I’ve found that when I leave with one or two golden nuggets—rather than a laundry list—I can implement what I’ve learned. I already know much of the information presented at my GeniusX meetings, but there’s always at least one new insight that makes the event, and the whole year, worthwhile. —Dean Graziosi, 16 years daily on TV and one of the most watched real estate and success trainers of our generation; follow Dean on Facebook, YouTube, or Instagram
2. Look for value beyond the events.
Consider the community, including faculty and alumni, as well as the curriculum, which ideally mimics real-life business situations. Avoid events that classify you into identical groups, which prevents you from mingling with those who have different perspectives.
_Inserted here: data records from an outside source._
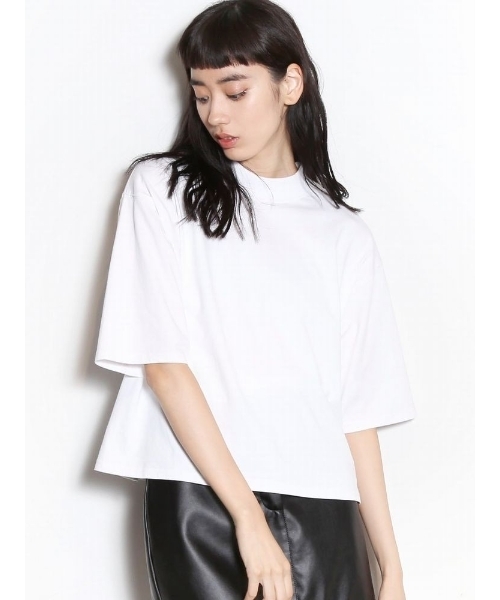 EMODA(エモダ)の「ハイネックコンパクトTシャツ(Tシャツ/カットソー・レディース・ホワイト/ピンク/キャメル/ブラック・FREE)」の2枚目の写真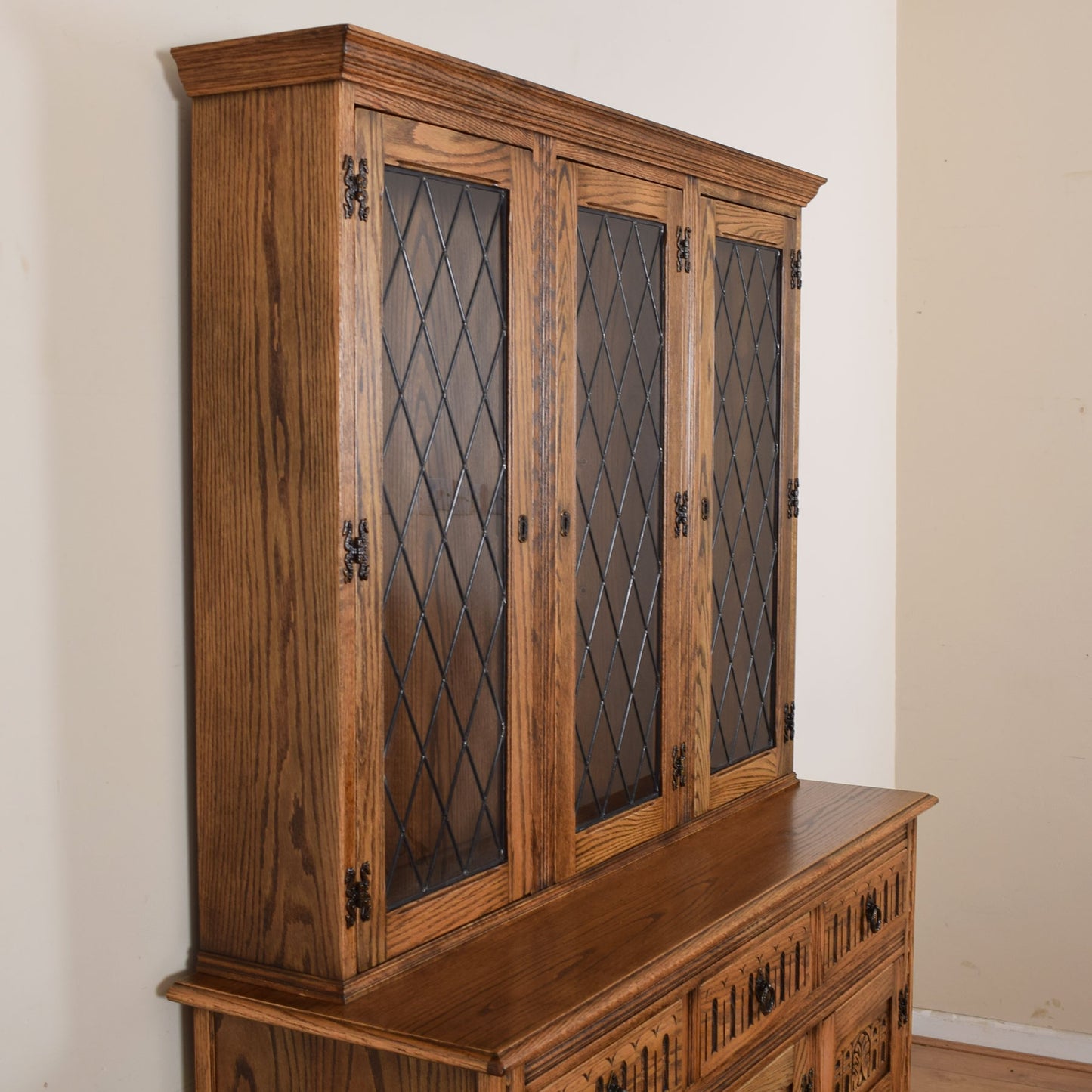 Large Jaycee Dresser Unit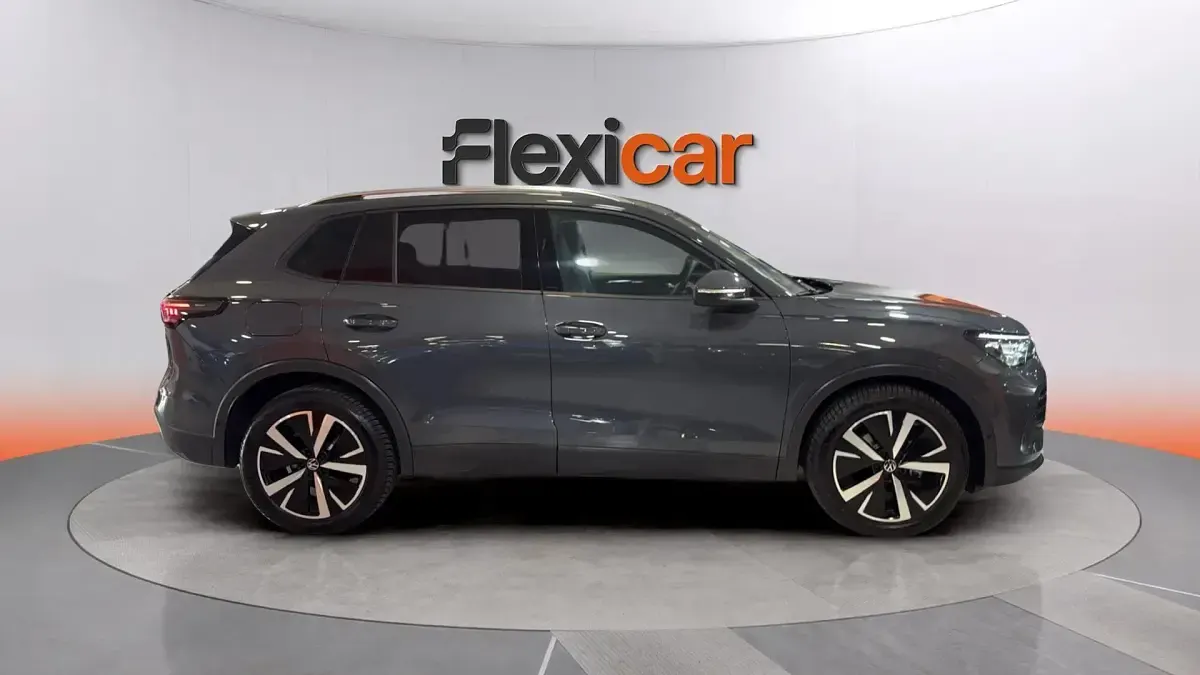 Usado VW Tiguan 150 CV (110 kW) 2024 Gris SUV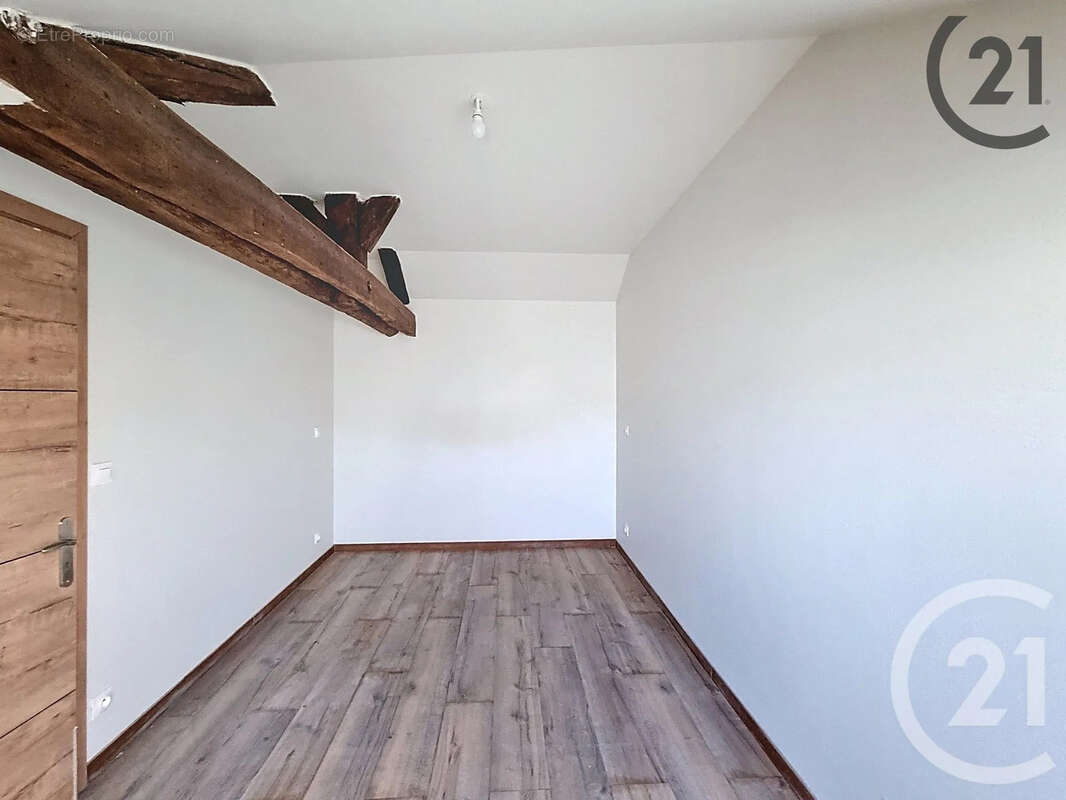 Appartement à BRIE-COMTE-ROBERT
Pay more attention to the value, not the price. You should receive value outside of the events themselves. For example, those who attend Survive and Thrive Today can seek help from the community for as long as they like. Avoid overly large conferences and those focused just on keynote presentations or showing off new products. The goal is to take your business to the next level and make it sustainable through new challenges. —Swatick Majumdar, co-founder of Survive and Thrive Today
3. Leave your agenda at the door.
Masterminds aren’t about learning. They’re about connecting deeply with others who share your values and goals. The right group is highly vetted and curated. That said, masterminds are not a place to network, so don’t be too “salesy.”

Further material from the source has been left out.